Document Databases in a Big Data Environment - dummies

Document Databases in a Big Data Environment

By Judith Hurwitz, Alan Nugent, Fern Halper, Marcia Kaufman

You find two kinds of document databases for big data projects. One is often described as a repository for full document-style content. The other is a database for storing document components for permanent storage as a static entity or for dynamic assembly of the parts of a document. The structure of the documents and their parts is provided by JavaScript Object Notation (JSON) and/or Binary JSON (BSON).

Document databases are most useful when you have to produce a lot of reports and they need to be dynamically assembled from elements that change frequently.

At its core, JSON is a data-interchange format, based on a subset of the JavaScript programming language. Although part of a programming language, it is textual in nature and very easy to read and write. It also has the advantage of being easy for computers to handle. Two basic structures exist in JSON, and they are supported by many, if not all, modern programming languages.

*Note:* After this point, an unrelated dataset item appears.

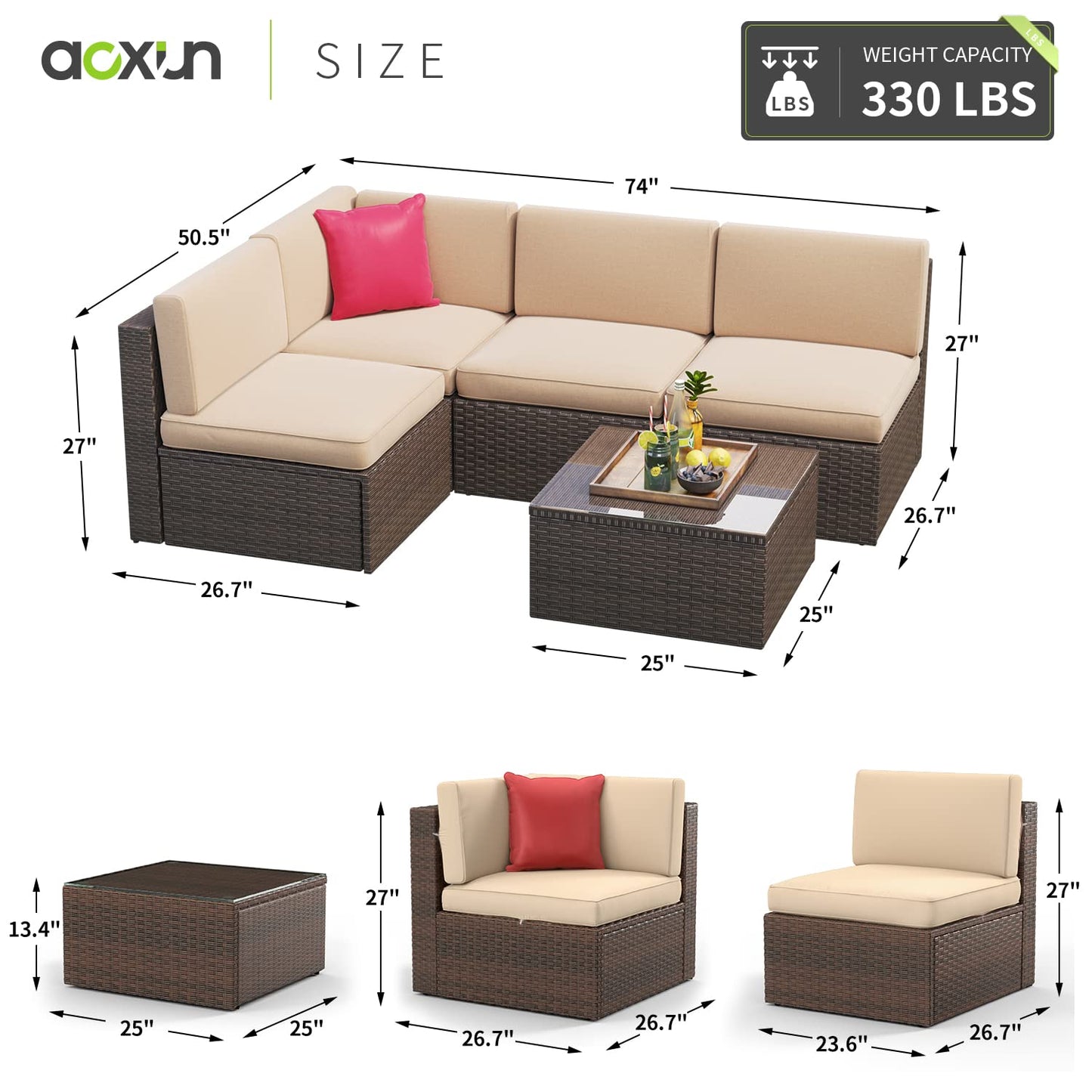 Aoxun 8 Pieces Patio Furniture Set Outdoor Wicker Rattan Furniture with Swivel Rocking Chairs Patio Sectional Sofa for Children, Girls and People in Small Size (Brown)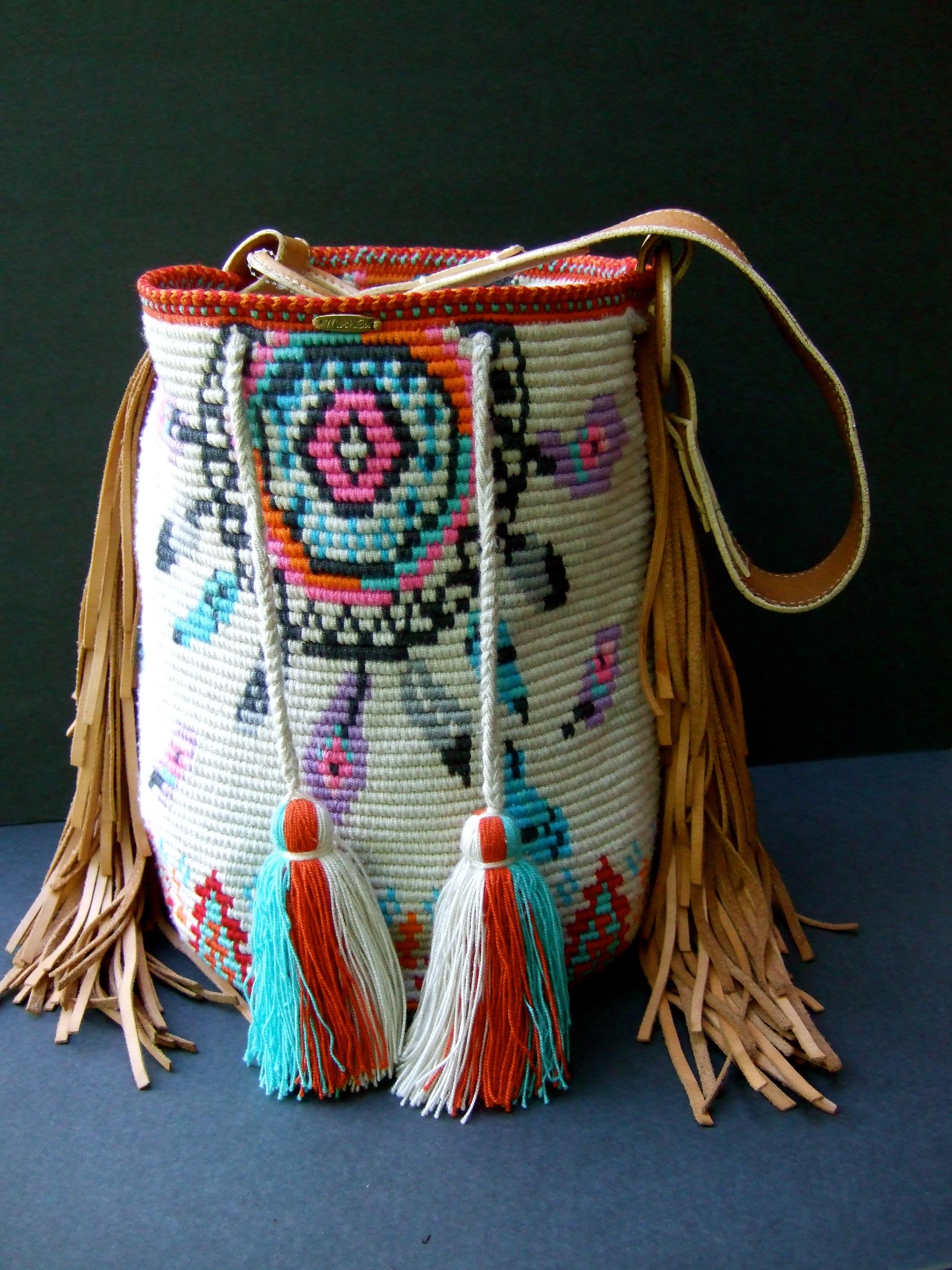 Handmade Woven Wool Knit Artisan Bucket Shoulder Bag c 1990s For Sale 1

The first basic structure is a collection of name/value pairs, and they are represented programmatically as objects, records, keyed lists, and so on. The second basic structure is an ordered list of values, and they are represented programmatically as arrays, lists, or sequences. BSON is a binary serialization of JSON structures designed to increase performance and scalability.

MongoDB for big data

MongoDB is the project name for the “hu(mongo)us database” system. It is maintained by a company called 10gen as open source and is freely available under the GNU AGPL v3.0 license. Commercial licenses with full support are available from 10gen.

MongoDB is composed of databases containing “collections.” A collection is composed of “documents,” and each document is composed of fields. Just as in relational databases, you can index a collection.

Doing so increases the performance of data lookup. Unlike other databases, however, MongoDB returns something called a “cursor,” which serves as a pointer to the data. This is a very useful capability because it offers the option of counting or classifying the data without extracting it. Natively, MongoDB supports BSON, the binary implementation of JSON documents.

MongoDB is also an ecosystem consisting of the following elements:

  • High-availability and replication services for scaling across local and wide-area networks.

  • A grid-based file system, enabling the storage of large objects by dividing them among multiple documents.

  • MapReduce to support analytics and aggregation of different collections/documents.

  • A sharding service that distributes a single database across a cluster of servers in a single or in multiple data centers. The service is driven by a shard key. The shard key is used to distribute documents intelligently across multiple instances.

  • A querying service that supports ad hoc queries, distributed queries, and full-text search.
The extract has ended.